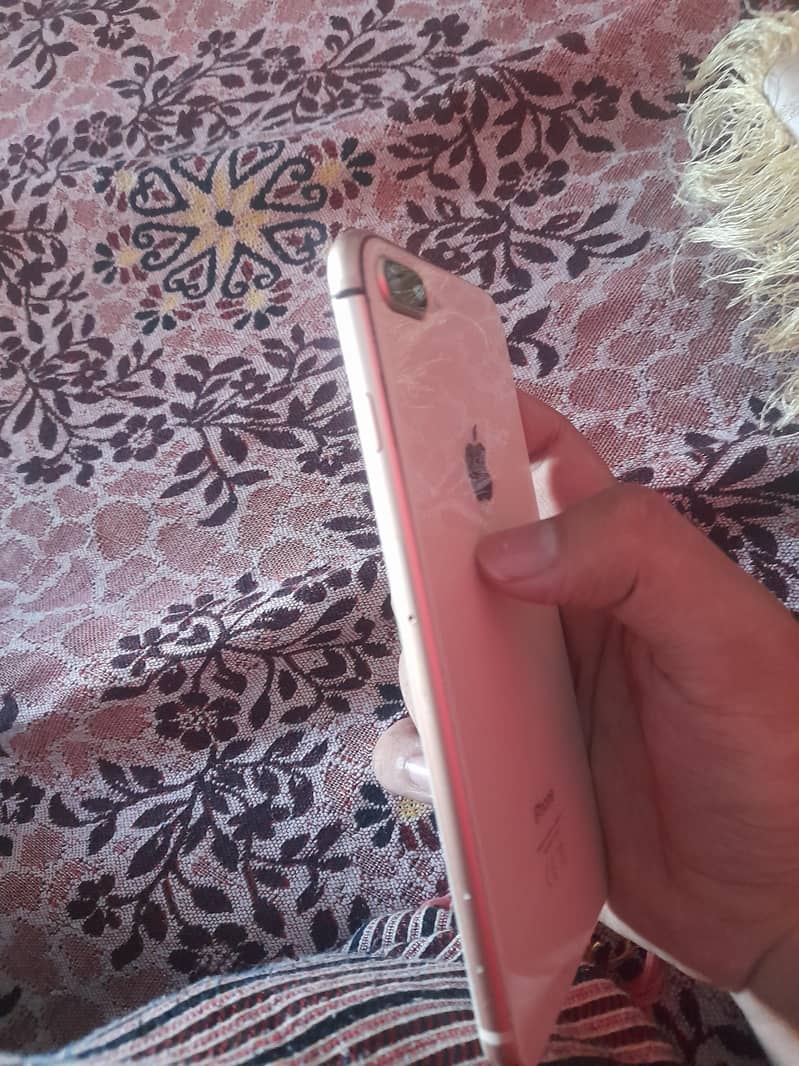 Apple iPhone 8 Plus 3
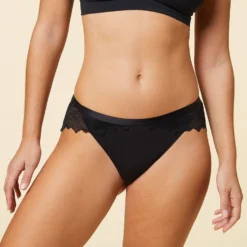 Shorty Microfibre Et Dentelle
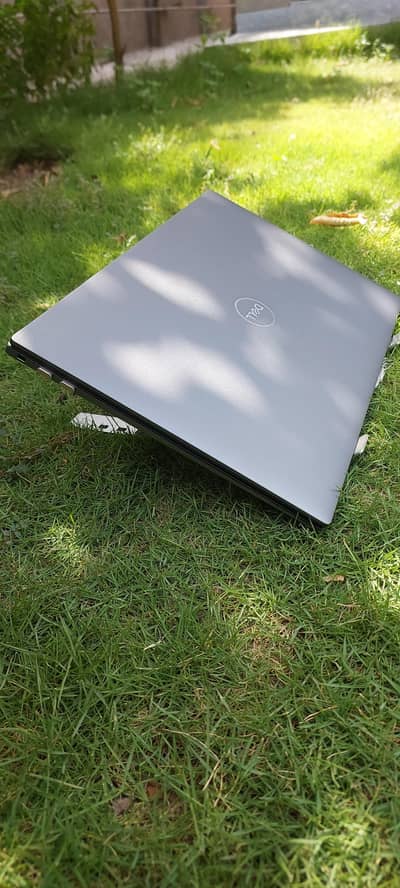 Dell precision 5570 4K UHD touch core i9 12th gen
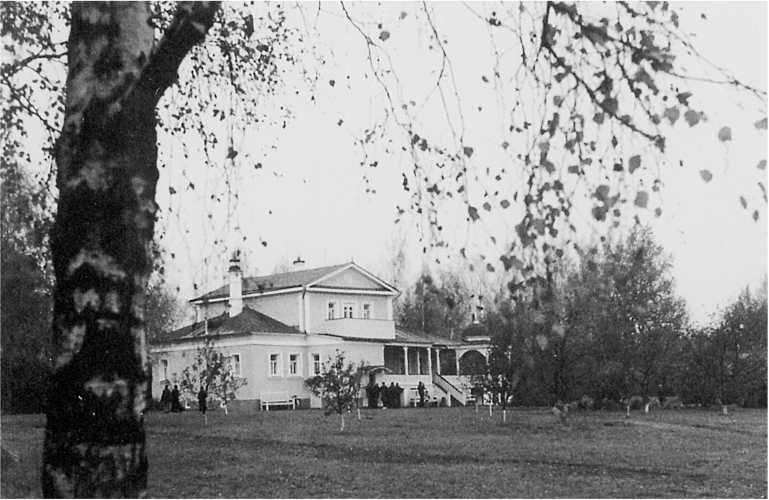 Иллюстрация к книге — Сергей Есенин. Биография [i_095.jpg]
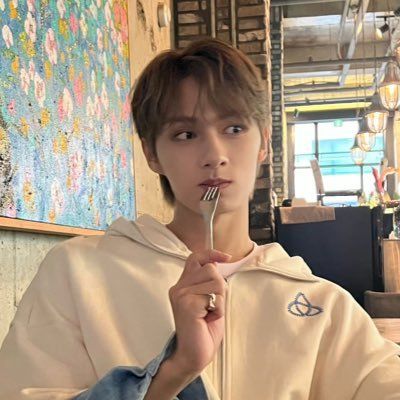 Finish on Twitter: "230428 #준 #JUN #SEVENTEEN https://t.co/yLSSejINFS" / Twitter Jun Seventeen, Seventeen Jun, Seventeen, On Twitter, Twitter, Instagram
□ □ □ □ □
■ Your task
Transcribe all of the lines above exactly as given. The pictures stay out.

■ Solution for this problem
 Apple iPhone 8 Plus 3
 Shorty Microfibre Et Dentelle
 Dell precision 5570 4K UHD touch core i9 12th gen
 Иллюстрация к книге — Сергей Есенин. Биография [i_095.jpg]
 Finish on Twitter: "230428 #준 #JUN #SEVENTEEN https://t.co/yLSSejINFS" / Twitter Jun Seventeen, Seventeen Jun, Seventeen, On Twitter, Twitter, Instagram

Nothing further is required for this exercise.